After a year of dealing with Covid, there is still no sense of normalcy. Many of us are still staying home, Zooming our workdays and kids’ school, and missing our families. We may even find ourselves struggling with fatigue and anxiety more often.
But is this covid anxiety? Quarantine depression? Or, is it a mental health issue that requires therapy? How do you know the difference?
Why Am I Struggling With Fatigue and Anxiety?
Why do I feel so tired and anxious and my neighbor doesn’t? The saying goes, we are all in the same storm, but we all have different boats.
For example, your neighbor may have a spouse, so someones physically there. But, you may live alone, which can lead to quarantine depression. While we are lucky to have video chats and phone calls, they don’t fill the same needs.
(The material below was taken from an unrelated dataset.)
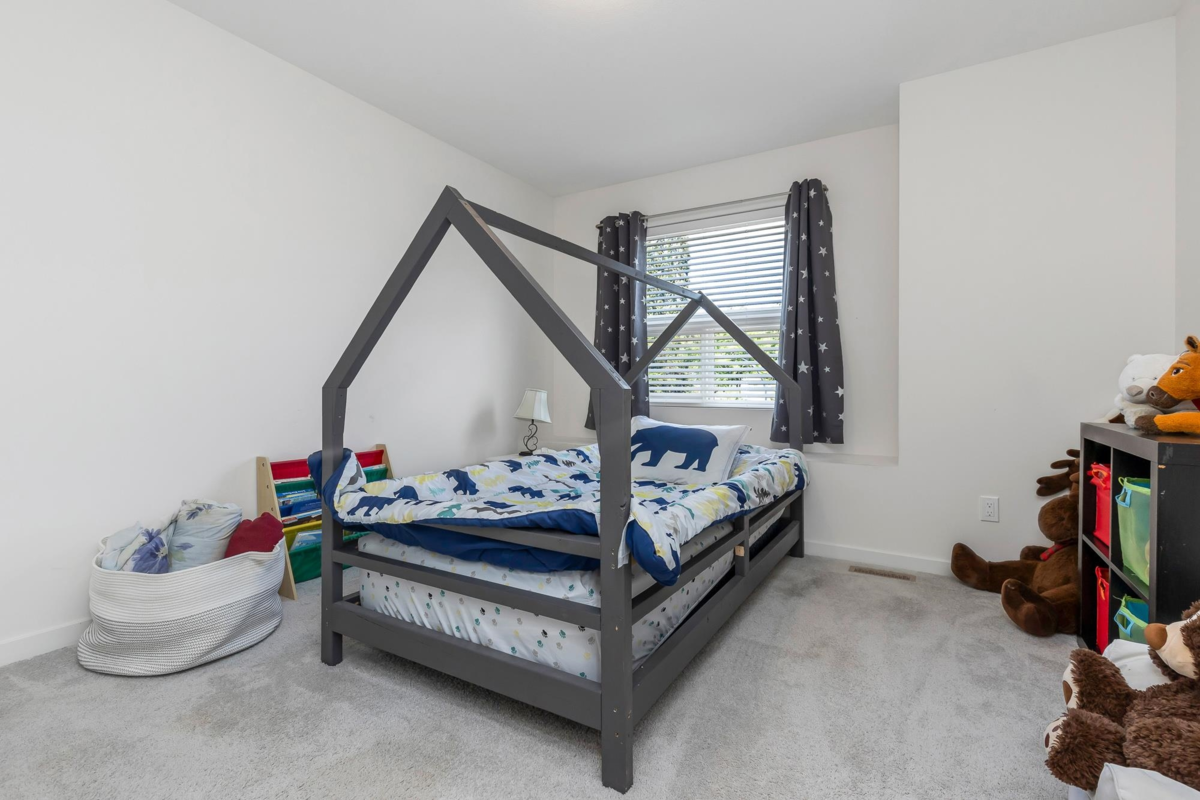 Powder Room Photo of 12933 240a Street, Maple Ridge, BC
Many parents have been forced to play a more active role in their child’s education. Children are home all day, parents trying to work from home, and manage a household, no wonder they are exhausted and feeling “blue.”
Many people lost their jobs because of covid. While nearly two-thirds or 63 percent of Americans now live paycheck to paycheck. But for those who have not returned to work, the financial debt building up can cause anxiety and depression.
But how do you know if it is covid anxiety, covid depression, or a mental health issue?
Catherine Powers-James, Ph.D., a clinical psychologist, states, “While it is normal to have frequent thoughts of Covid-19, be mindful of these thoughts become more frequent, or start to impact your daily life.”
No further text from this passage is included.